Material provided section start

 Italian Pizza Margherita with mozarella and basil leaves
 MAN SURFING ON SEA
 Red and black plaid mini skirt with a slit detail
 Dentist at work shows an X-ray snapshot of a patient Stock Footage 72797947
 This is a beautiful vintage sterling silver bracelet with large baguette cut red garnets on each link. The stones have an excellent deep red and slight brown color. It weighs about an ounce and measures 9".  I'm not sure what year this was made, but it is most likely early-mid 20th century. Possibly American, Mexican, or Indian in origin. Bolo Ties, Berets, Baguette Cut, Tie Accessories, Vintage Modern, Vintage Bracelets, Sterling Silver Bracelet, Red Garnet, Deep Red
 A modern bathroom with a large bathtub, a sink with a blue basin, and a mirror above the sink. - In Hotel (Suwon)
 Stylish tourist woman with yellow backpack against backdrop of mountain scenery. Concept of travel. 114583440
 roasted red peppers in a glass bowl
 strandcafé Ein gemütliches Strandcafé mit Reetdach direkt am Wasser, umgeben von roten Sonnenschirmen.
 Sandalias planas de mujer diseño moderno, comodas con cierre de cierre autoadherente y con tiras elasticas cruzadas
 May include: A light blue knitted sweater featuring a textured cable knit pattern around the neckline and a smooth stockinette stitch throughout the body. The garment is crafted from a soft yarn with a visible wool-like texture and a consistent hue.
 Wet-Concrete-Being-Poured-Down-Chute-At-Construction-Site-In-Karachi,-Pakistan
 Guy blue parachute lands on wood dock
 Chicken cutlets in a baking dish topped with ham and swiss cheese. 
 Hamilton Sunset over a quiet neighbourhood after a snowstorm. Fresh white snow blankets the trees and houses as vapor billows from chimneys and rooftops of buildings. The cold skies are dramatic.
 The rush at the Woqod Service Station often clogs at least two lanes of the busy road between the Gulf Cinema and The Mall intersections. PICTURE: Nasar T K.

Material provided section end

Please transcribe word for word the lines from the line with "strandcafé Ein gemütliches" to the end of the material, both ends included.

Response to the task>
 strandcafé Ein gemütliches Strandcafé mit Reetdach direkt am Wasser, umgeben von roten Sonnenschirmen.
 Sandalias planas de mujer diseño moderno, comodas con cierre de cierre autoadherente y con tiras elasticas cruzadas
 May include: A light blue knitted sweater featuring a textured cable knit pattern around the neckline and a smooth stockinette stitch throughout the body. The garment is crafted from a soft yarn with a visible wool-like texture and a consistent hue.
 Wet-Concrete-Being-Poured-Down-Chute-At-Construction-Site-In-Karachi,-Pakistan
 Guy blue parachute lands on wood dock
 Chicken cutlets in a baking dish topped with ham and swiss cheese. 
 Hamilton Sunset over a quiet neighbourhood after a snowstorm. Fresh white snow blankets the trees and houses as vapor billows from chimneys and rooftops of buildings. The cold skies are dramatic.
 The rush at the Woqod Service Station often clogs at least two lanes of the busy road between the Gulf Cinema and The Mall intersections. PICTURE: Nasar T K.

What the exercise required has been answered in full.